But caution must be used in wholly focusing on the international market. “Going international is not a magic bullet,” says João Vieira de Almeida, Vieira de Almeida & Associados. “We need to fight for the Portuguese market, and the work is there if you look for it.”
Many law firms that grew in the boom years did so on the basis of a perception within the market that ‘bigger is better’ – but this is no longer a credible proposition. The domestic market cannot support the weight of the number of 100+ fee-earner firms currently around, say lawyers, and many are clearly struggling to maintain the same levels of activity that their lawyers had pre-crisis. Some structures are almost too top heavy to withstand any more battering by the crisis.

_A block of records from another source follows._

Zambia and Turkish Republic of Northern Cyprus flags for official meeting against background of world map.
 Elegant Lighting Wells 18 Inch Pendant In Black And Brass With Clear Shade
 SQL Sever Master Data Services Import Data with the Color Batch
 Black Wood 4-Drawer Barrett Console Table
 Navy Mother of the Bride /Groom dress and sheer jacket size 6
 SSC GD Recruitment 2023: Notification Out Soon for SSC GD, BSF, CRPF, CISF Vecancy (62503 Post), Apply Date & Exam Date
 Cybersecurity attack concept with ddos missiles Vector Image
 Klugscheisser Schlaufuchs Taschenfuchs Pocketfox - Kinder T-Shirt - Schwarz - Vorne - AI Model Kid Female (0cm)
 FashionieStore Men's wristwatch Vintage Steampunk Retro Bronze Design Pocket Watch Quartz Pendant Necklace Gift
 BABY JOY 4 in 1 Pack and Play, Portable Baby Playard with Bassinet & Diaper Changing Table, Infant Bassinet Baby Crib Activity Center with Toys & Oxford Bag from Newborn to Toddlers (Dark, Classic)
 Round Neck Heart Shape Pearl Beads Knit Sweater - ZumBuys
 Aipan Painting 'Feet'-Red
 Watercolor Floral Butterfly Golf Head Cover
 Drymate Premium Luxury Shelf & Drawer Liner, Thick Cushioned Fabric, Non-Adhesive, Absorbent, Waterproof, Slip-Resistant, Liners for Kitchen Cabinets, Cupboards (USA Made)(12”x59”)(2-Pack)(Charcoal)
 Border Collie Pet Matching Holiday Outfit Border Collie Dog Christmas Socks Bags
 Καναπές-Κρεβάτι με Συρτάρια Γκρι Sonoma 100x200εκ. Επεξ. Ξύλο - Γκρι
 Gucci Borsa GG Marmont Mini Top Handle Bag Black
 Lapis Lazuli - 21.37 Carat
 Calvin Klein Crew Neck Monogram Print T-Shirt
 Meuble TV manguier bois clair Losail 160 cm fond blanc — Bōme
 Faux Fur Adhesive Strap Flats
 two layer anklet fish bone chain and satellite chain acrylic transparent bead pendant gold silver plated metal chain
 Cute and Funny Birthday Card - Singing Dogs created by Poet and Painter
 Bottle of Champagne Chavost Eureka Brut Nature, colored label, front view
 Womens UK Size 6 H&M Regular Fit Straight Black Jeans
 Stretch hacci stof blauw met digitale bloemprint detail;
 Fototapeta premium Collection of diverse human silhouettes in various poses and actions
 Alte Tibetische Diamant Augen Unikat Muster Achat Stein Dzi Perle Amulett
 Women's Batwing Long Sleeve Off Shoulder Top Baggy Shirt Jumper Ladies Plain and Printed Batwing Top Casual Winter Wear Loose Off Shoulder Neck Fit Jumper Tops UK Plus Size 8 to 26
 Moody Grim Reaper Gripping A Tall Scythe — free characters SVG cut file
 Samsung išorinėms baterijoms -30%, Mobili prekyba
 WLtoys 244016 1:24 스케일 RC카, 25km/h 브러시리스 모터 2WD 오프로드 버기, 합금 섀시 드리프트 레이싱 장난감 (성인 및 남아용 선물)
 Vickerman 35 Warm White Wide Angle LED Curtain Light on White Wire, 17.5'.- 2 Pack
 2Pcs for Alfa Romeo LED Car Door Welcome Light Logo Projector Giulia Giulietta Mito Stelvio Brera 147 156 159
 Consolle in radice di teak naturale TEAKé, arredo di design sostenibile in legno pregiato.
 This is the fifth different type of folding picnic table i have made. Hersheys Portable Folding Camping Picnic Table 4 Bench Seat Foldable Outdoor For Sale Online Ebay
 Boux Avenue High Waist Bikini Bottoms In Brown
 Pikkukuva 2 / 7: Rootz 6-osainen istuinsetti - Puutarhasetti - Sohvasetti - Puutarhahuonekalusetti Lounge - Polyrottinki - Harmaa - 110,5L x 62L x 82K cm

“I see cuts in the workforce, demergers and partners being asked to leave, and the longer it takes, the more extensive and painful it will be,” says Pedro Cardigos, a Partner at Cardigos. Keeping face at all costs has been defeated by the toughest and most persistent negative outlook that any Managing Partner must now call ‘reality’.
With their clients visibly making cuts in their workforce to better manage the demands of the crisis, law firms are not, and will not, be immune to this necessary trend. The biggest test, say lawyers, is to work out whether you can survive the crisis in your current size and structure.
Rather than facing the question of size head on, however, some law firms are responding by lowering fees and extending hours to feed their structures and keep their lawyers, seemingly, busy.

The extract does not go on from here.